YOUR TASK:
Verbatim output, no pictures: the lines from the beginning of the material through the line with "Защита картера и", both ends kept.

AVAILABLE RECORDS:
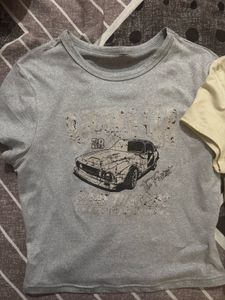Graphic Street Style Tees ( Set Of 2 )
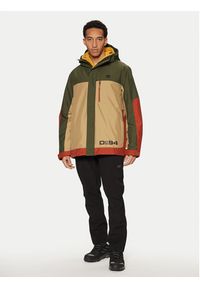 DC Shoes Kurtka snowboardowa Defiant ADYTJ03084 Zielony Standard Fit. Kolor: zielony. Materiał: syntetyk. Sport: snowboard #7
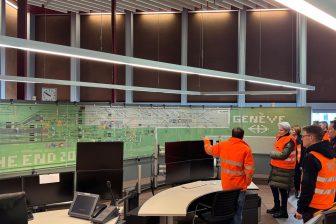 The new Geneva control centre is part of major expansion works for Suisse rail.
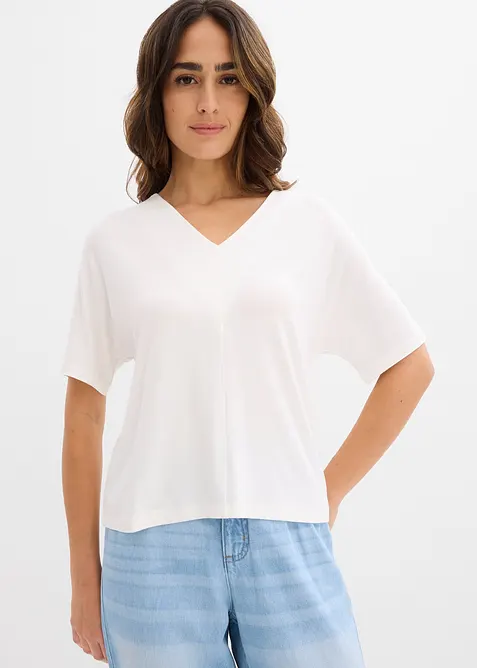 Maglia in misto viscosa, bonprix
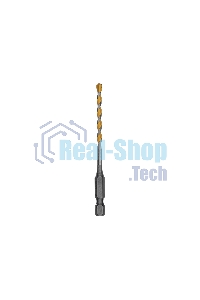 Сверло универсальное Denzel Multi cut, 4 мм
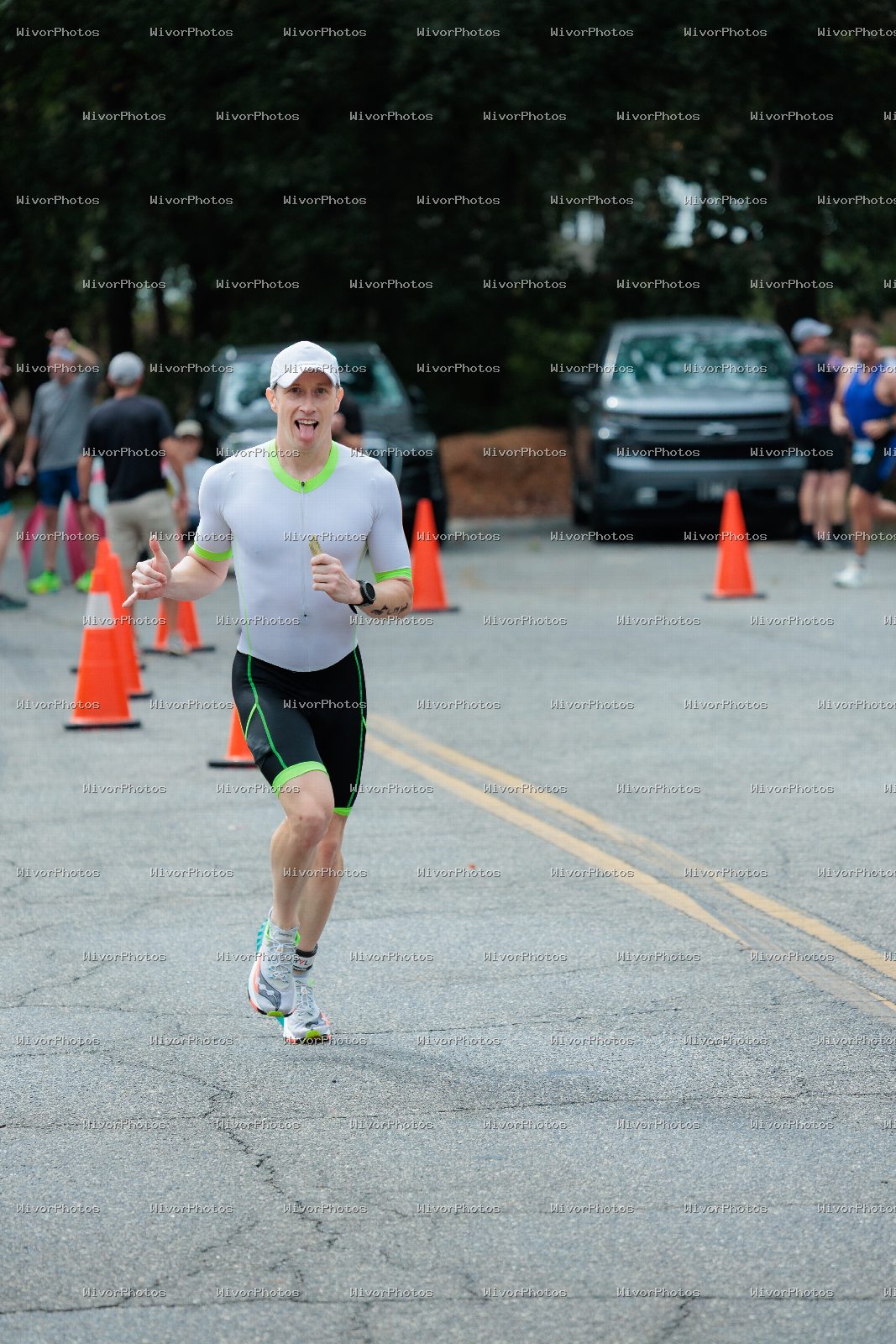 Triathlon photograph at Tugaloo Olympic, Sprint, and Aquabike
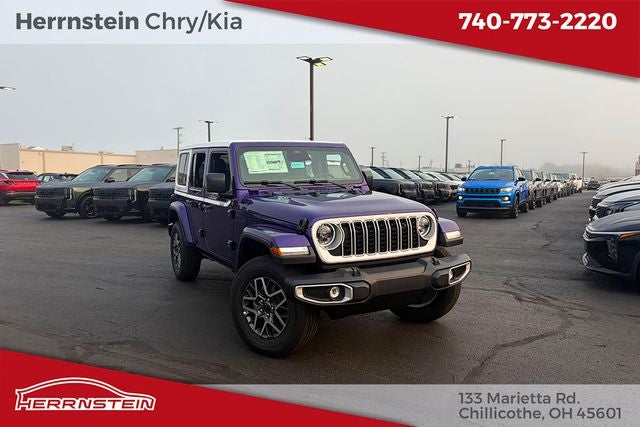 2026 Jeep Wrangler WRANGLER 4-DOOR SAHARA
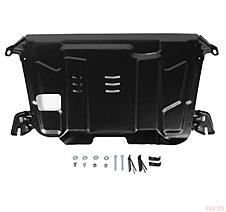 Защита картера и КПП Toyota Camry,Lexus ES,Lexus RX,Toyota Highlander,Toyota Venz,Lifan Murman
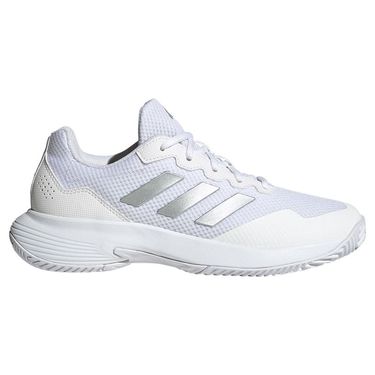 adidas Game Court 2 Womens Tennis Shoe White/Silver HQ8476
image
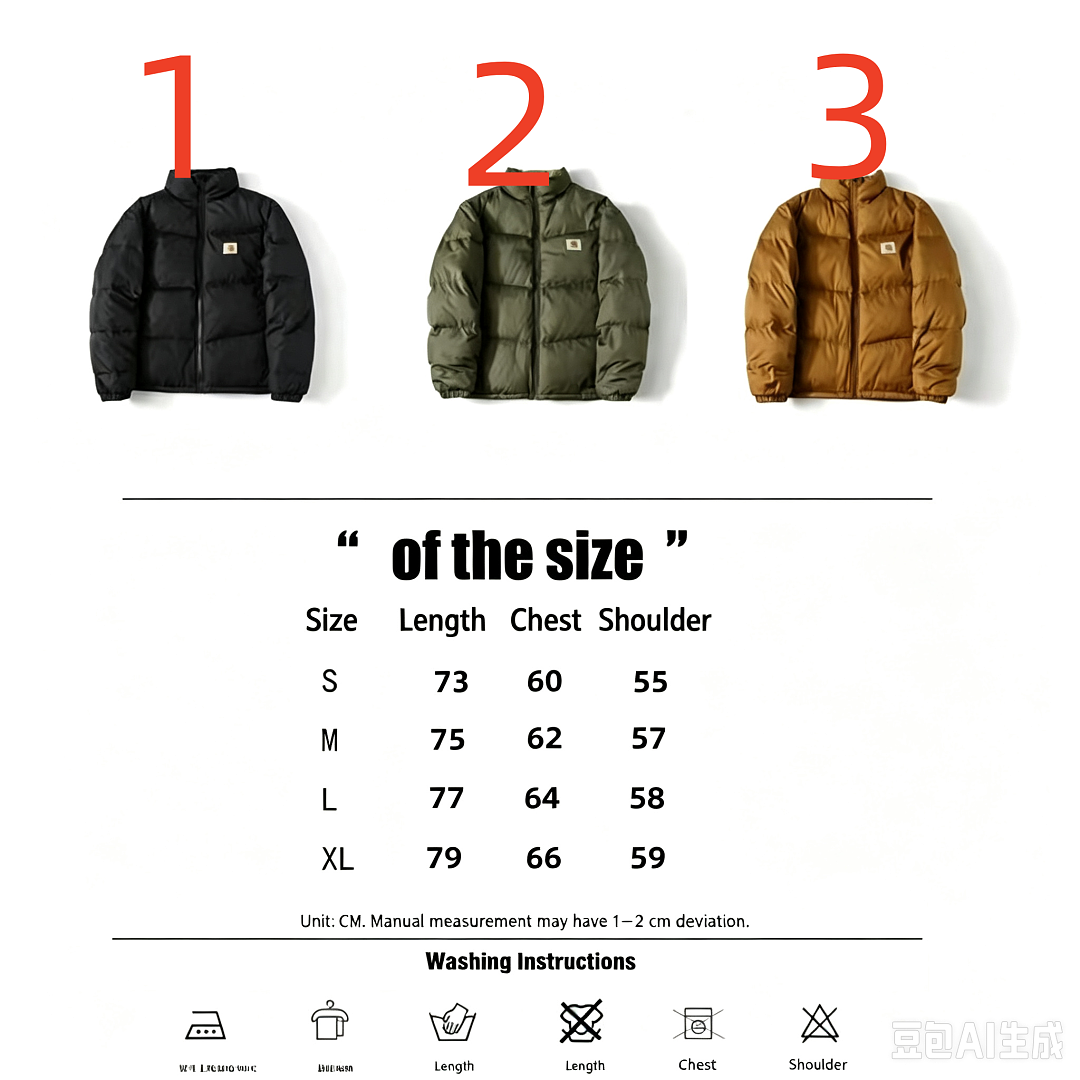 Carhartt — מעיל פוך · ZT13781 — תמונה 16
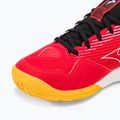 Férfi röplabda cipő Mizuno Cyclone Speed 4 radiant red/white/carrot curl 7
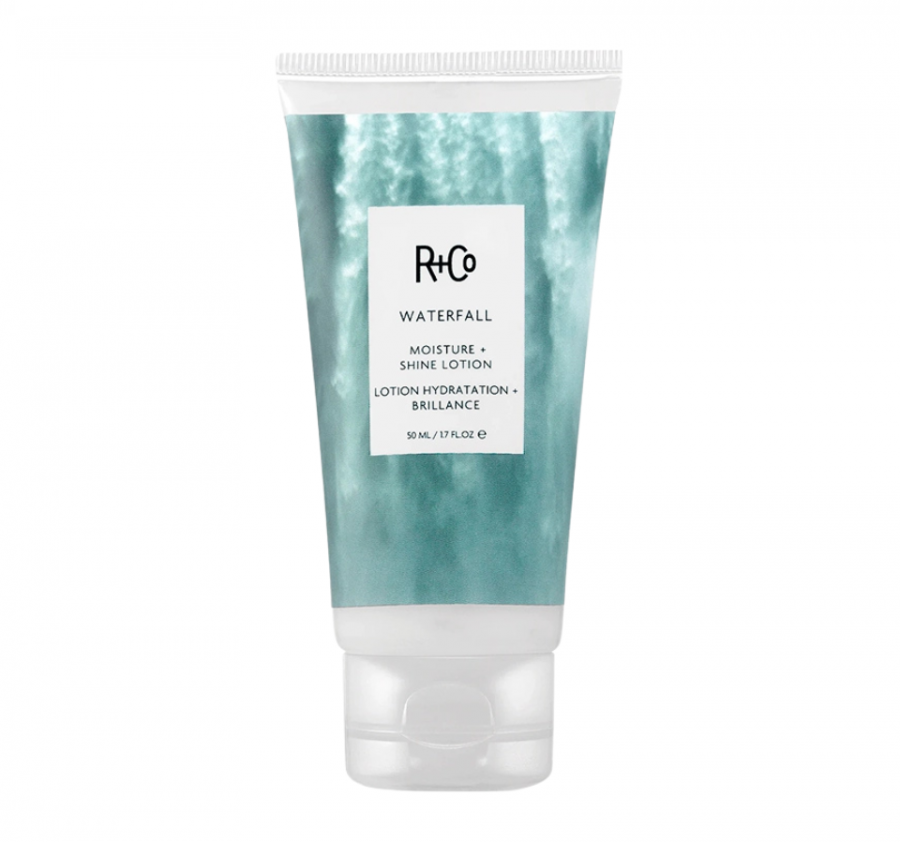 R+CO, ВОДОПАД Увлажняющий лосьон для блеска (тревел), 50 мл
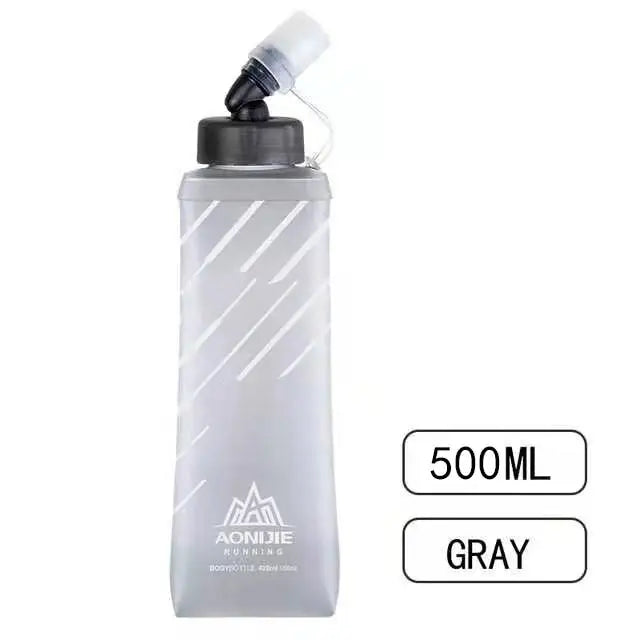 Marathon Collapsible Water Bottle - 500ml Flask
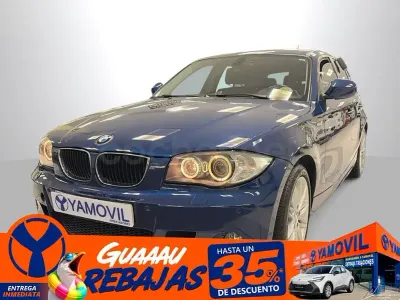 Usado BMW 118 143 CV (105 kW) 2011 Azul Utilitario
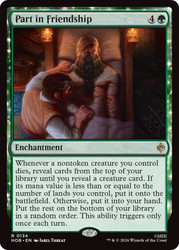Part in Friendship
The Hobbit
Single
Magic: The Gathering
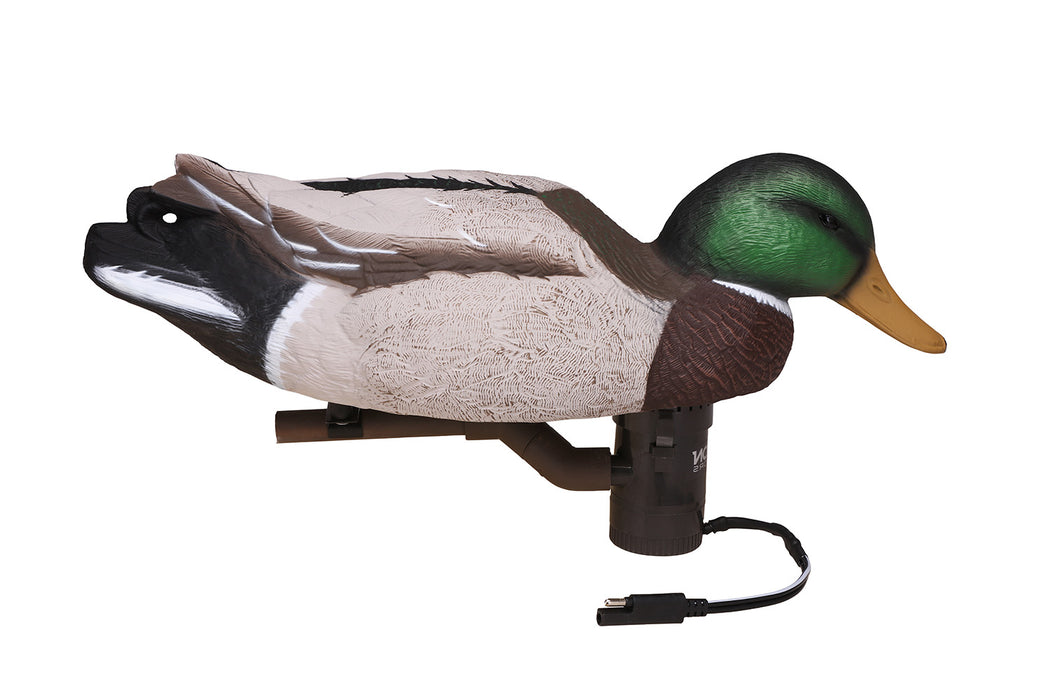 Higdon Outdoors 52053 XS Battleship Swimmer  Mallard Drake Species Multi Color Features Built-In Timer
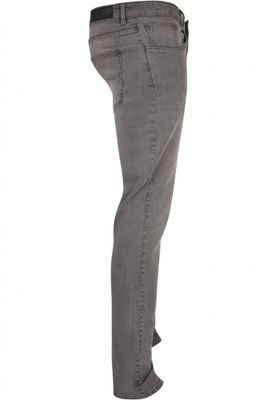 Gray jeans mens regular fit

WORKED SOLUTION:
Graphic Street Style Tees ( Set Of 2 )
 DC Shoes Kurtka snowboardowa Defiant ADYTJ03084 Zielony Standard Fit. Kolor: zielony. Materiał: syntetyk. Sport: snowboard #7
 The new Geneva control centre is part of major expansion works for Suisse rail.
 Maglia in misto viscosa, bonprix
 Сверло универсальное Denzel Multi cut, 4 мм
 Triathlon photograph at Tugaloo Olympic, Sprint, and Aquabike
 2026 Jeep Wrangler WRANGLER 4-DOOR SAHARA
 Защита картера и КПП Toyota Camry,Lexus ES,Lexus RX,Toyota Highlander,Toyota Venz,Lifan Murman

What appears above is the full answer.